# mystery bumper parts left over after TB / W-pump install? 2000 GLX station wagon



## bdsxxx (Dec 30, 1999)

mystery bumper parts left over after TB / W-pump install? 2000 GLX station wagon Today

http://spfhs68.com/vw/tb/mystery2.JPG
http://spfhs68.com/vw/tb/mystery3.JPG
http://spfhs68.com/vw/tb/mystery4.JPG

So I got it back together, but did not photo document the bumper install. 

AT LEAST I TINK THESE ARE BUMPER/COVER RELATED. They are shown right left, pretty sure about this.

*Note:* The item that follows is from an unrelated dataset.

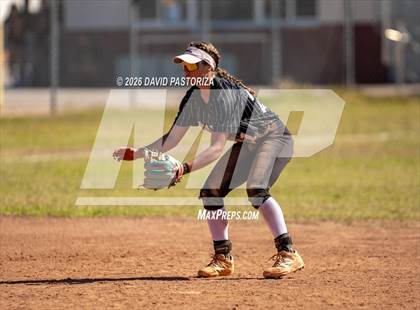 Thumbnail 2 in Payson vs Round Valley (West Valley Invitational Semifinal) photogallery.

I paged thry my Bentley, if they are there pls LMK, else pls LMK what these freaking parts are and where they go!!


----------



## alex4motion (Mar 26, 2009)

Maybe it is fixed at this time but I think it is the part that hold the fenders to the rad / headlight support.


----------



## eg01349 (Apr 5, 2008)

spare parts! if you don't have parts leftover, you're doing it wrong!


----------



## bdsxxx (Dec 30, 1999)

yep fized thx to the forums


----------



## paul99 (Oct 1, 2000)

is there a part# on that part


----------



## bdsxxx (Dec 30, 1999)

part is buried now (assembled)


----------